#### [Your instructions]
The reply should reproduce every line of the data below word for word, minus any images.

#### [Raw data]
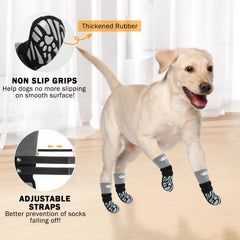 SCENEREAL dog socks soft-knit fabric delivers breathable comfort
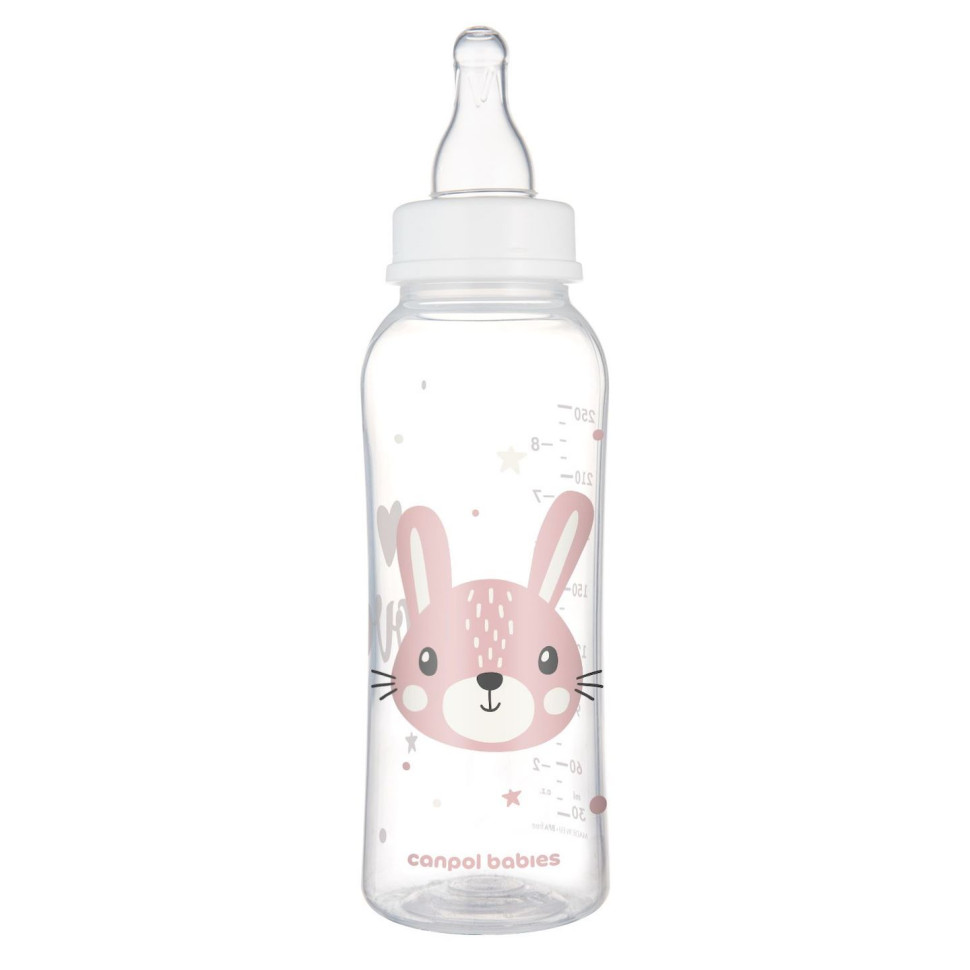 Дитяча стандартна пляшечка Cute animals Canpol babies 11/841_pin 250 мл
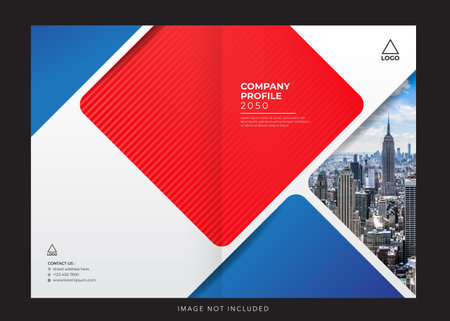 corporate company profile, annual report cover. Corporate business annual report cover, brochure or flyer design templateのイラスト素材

#### [Response for this exercise]
 SCENEREAL dog socks soft-knit fabric delivers breathable comfort
 Дитяча стандартна пляшечка Cute animals Canpol babies 11/841_pin 250 мл
 corporate company profile, annual report cover. Corporate business annual report cover, brochure or flyer design templateのイラスト素材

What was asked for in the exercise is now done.